PHOENIX – Super Bowl XLIX is not just one vowel away from becoming the most prominent commercial ever for laxatives, it's also one scandal, fake or real, away from becoming the football version of "House of Cards,'' if Bill Belichick played Kevin Spacey's character, and all of the said cards were jokers.
In the early years of the Super Bowl, a handful of sportswriters sat around a hotel pool interviewing star players. Now the Super Bowl is a postmodern, Felliniesque farce, far more about entertainment than sport until the first kickoff lands on Sunday.
The bizarre has become commonplace at Super Bowls. One year a Raiders lineman went missing, and it turned out he was drinking in Mexico. A Falcons safety was named man of the year, then arrested for soliciting a prostitute. Doug Williams was asked how long he had been a black quarterback. Someone else was asked what kind of tree they would be if they were, you know, a tree.
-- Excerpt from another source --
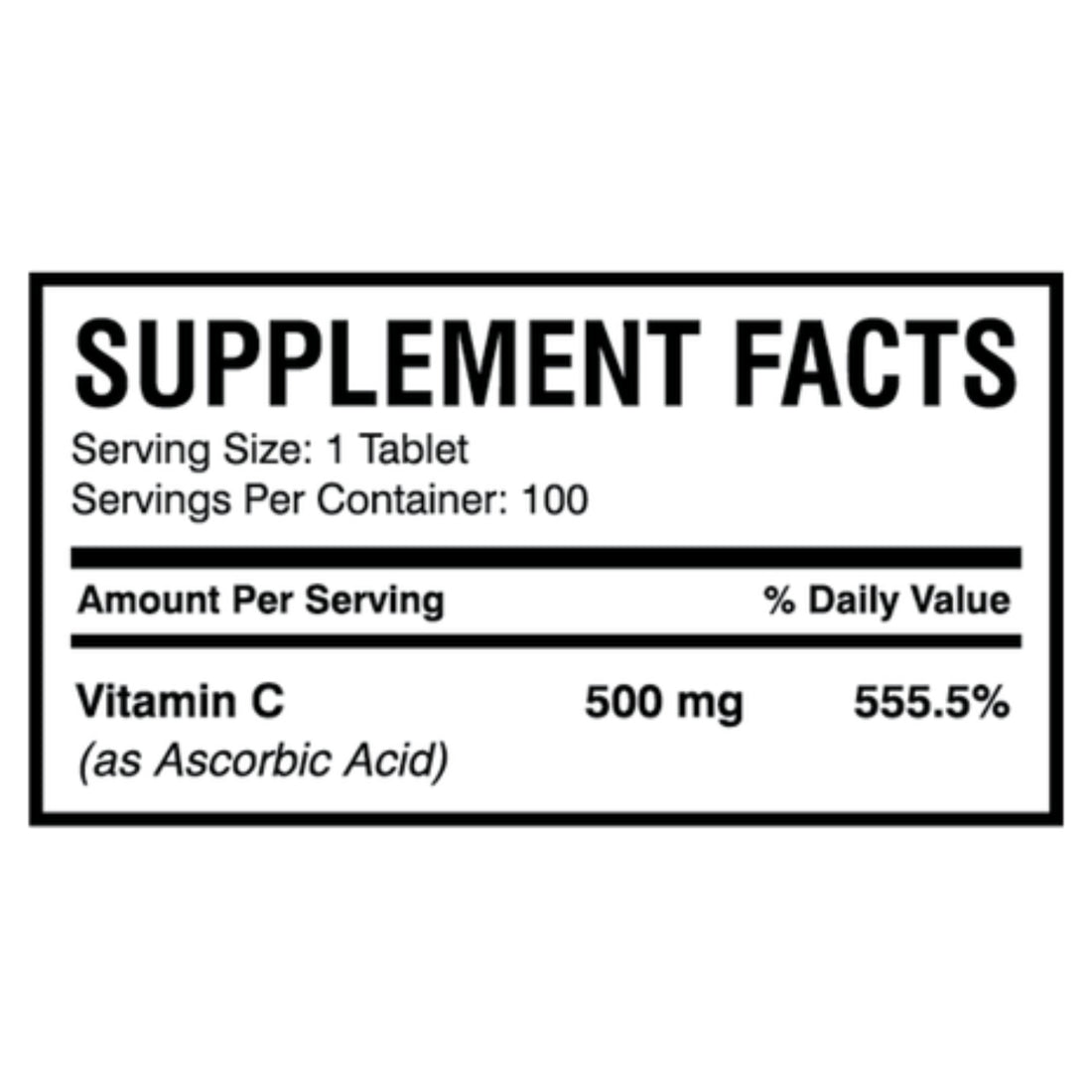 AMS Rapid C 500mg 100 tablets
Cowboys linebacker Hollywood Henderson said Terry Bradshaw couldn't spell ''cat'' if you spotted him a ''C'' and a ''T.'' Two years ago, Ravens linebacker Ray Lewis was accused of using a PED — performance-enhancing deer. Lewis was using deer antler spray to aid muscle recovery. That year, the lights in the Superdome went out during the game.
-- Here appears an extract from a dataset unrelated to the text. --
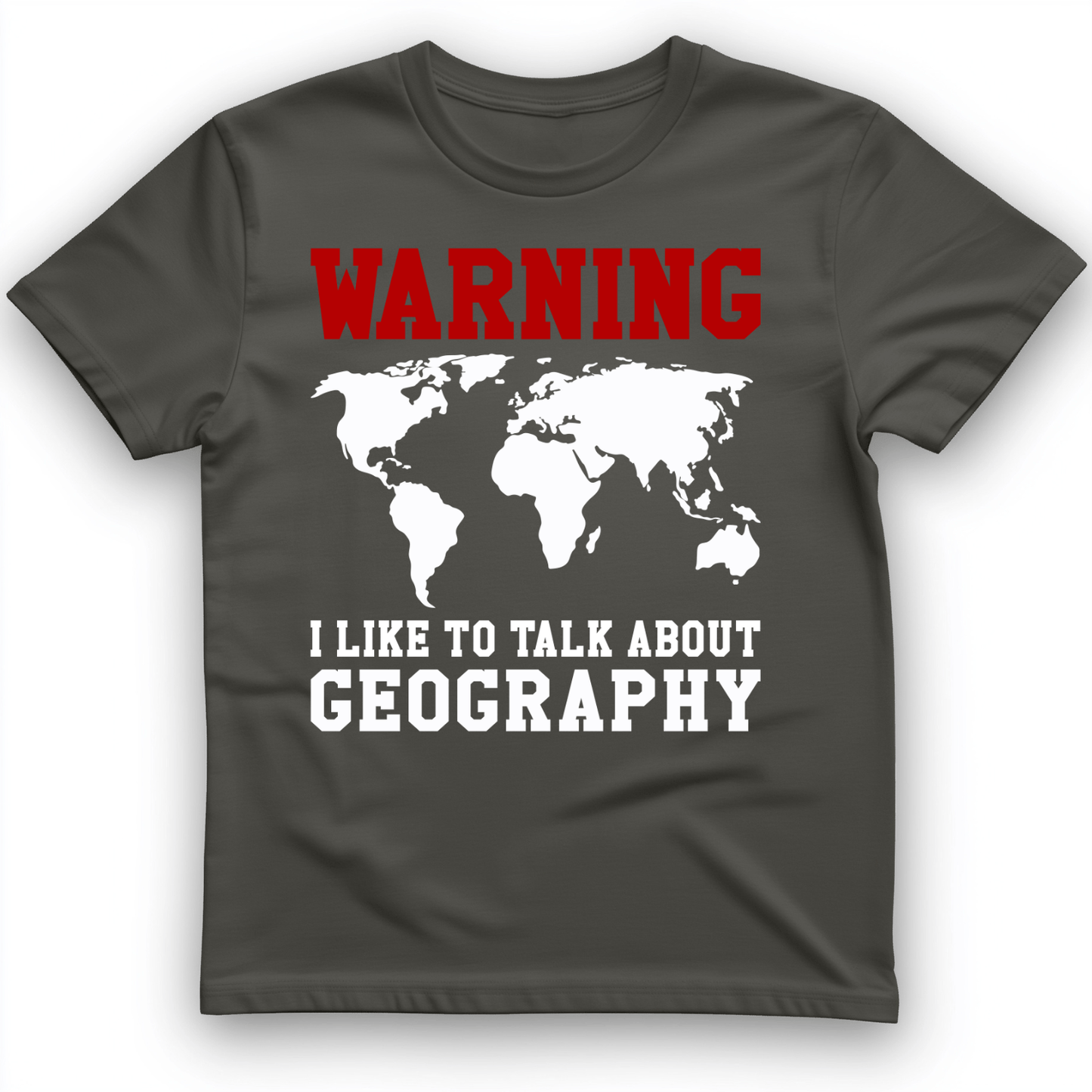 Talk About Geography T-Shirt Charcoal / S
When you pack two teams, two fired-up fan bases, casual fans, corporate America, the world media and the entertainment industry into one city for a week, you're going to get the world's worst-directed reality show.
The two weeks that led to today's Super Bowl offered the following developments. Please read aloud in the basso profundo of the late, great John Facenda:
Truly in no particular order:
6. Men wearing barrels and superhero costumes asked silly questions on Tuesday, proving that Media Day no longer has anything to do with the actual media.